Polecam go z całego serca.

Cena: ok 15zł
Do kupienia w drogerii Natura.

Następnie też dość dobry pędzel essence(2). Jest syntetyczny i fajnie wyprofilowany. Maluje się nim dość łatwo. Jest elastyczny i dość cienki by namalować nim precyzyjną kreskę. Niestety dość szybko wsuwka odkleiła się od trzonka. Ale cena wynagradza te niedogodności;)

Cena: ok 8zł
Do kupienia w drogerii Narura, Hebe, Jasmin

Następnie pędzel no name(3). Pisze o nim, żeby wam pokazać, ze nawet taki nijaki pędzel kupiony za kilka groszy może być fajny. Mam go już ponad 4 lata a nie wypadł z niego ani jeden włos. Trochę się już"zmechacił" ale wciąż sobie radzi z nakładaniem eyelinera czy przyciemnianie m brwi. Nie jest mega precyzyjny ale robi się nim bardzo fajnie grubsze kreski. Mam nadziej,że jeszcze m trochę posłuży.


Przybliżyłam wam wszystkie moje pędzle( kilka dostałam na mikołaja ale o nich innym razem bo nie mogę jeszcze o n ich wiele powiedzieć;))

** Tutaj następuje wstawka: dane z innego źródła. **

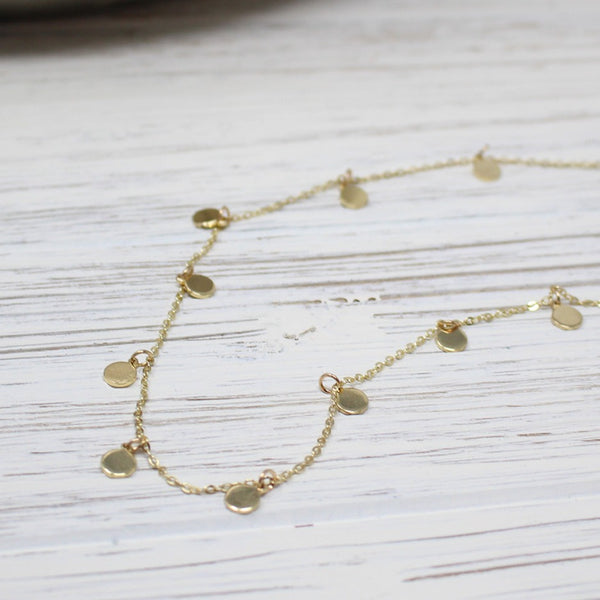 Mikri Gold Coin Necklace, Short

PODSUMOWUJĄC: jeśli musiałabym ograniczyć mój zbiór do minimum i wybrać dwa pędzelki na pewno wybrałabym hakuro h79 oraz skośny pędzelek z catrice. Bez innych da się żyć... ale co to za życie;)


piątek, 14 grudnia 2012

Golden Rose, Jolly Jewels nr 115 "Istny cyrk"

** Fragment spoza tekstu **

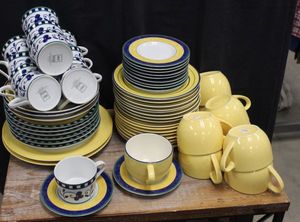 lot 53 image: Mixture of blue and yellow dishes see photos for more details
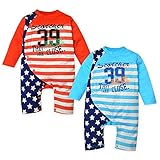 (レッド/80cm)ベビー服 男の子 カバーオール 長袖 アメリカン ボーダー 星柄 トラ ロゴプリント 前開き スナップボタン 男児 ベビー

Miał być post o pędzlach ale nie miałam dość długo internetu:( dlatego postawiłam na szybszą opcję;) Pokażę wam cudo z Golden Rose. To Jolly Jewels nr 115 czyli masa różnokolorowych drobinek w różnych rozmiarach w mlecznej bazie. Całkowity misz masz świetnie prezentuje się na paznokciach. Przypomina mi trochę top z essence circus confetti nałożony na biały lakier. Moim zdaniem jednak Golden Rose wygląda lepiej ale to kwesta gustu. Jeden z moich ulubionych z tej serii. Kryje po 2 warstwach, szybko schnie i świetnie wygląda.Jestem na tak. Ja mam go ze sklepu Golden Rose Styl ale     można je już dorwać stacjonarnie. Cena to ok 12 zł.